# Problem details
The entries below hold a line with "Mouilleron-Saint-Germain Apartment |" and a line with "2404 Tangier Dr". Return those lines and all that lie between them, exactly and only.

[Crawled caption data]
╭──

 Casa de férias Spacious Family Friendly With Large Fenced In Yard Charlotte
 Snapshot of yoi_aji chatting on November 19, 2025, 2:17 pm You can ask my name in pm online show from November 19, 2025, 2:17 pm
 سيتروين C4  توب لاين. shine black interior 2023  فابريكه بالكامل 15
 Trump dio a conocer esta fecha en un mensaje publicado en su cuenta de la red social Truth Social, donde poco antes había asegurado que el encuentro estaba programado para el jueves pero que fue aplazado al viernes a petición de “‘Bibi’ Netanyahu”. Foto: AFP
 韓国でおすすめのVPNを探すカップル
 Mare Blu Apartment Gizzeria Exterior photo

╰──
╭──

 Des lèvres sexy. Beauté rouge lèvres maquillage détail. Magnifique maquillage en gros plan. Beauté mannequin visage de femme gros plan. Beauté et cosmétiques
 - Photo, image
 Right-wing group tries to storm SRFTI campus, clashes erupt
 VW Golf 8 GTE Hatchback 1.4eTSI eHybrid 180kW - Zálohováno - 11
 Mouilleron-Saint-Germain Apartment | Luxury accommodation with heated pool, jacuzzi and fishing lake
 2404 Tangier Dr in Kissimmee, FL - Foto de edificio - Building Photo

╰──

# Answer to this task
 Mouilleron-Saint-Germain Apartment | Luxury accommodation with heated pool, jacuzzi and fishing lake
 2404 Tangier Dr in Kissimmee, FL - Foto de edificio - Building Photo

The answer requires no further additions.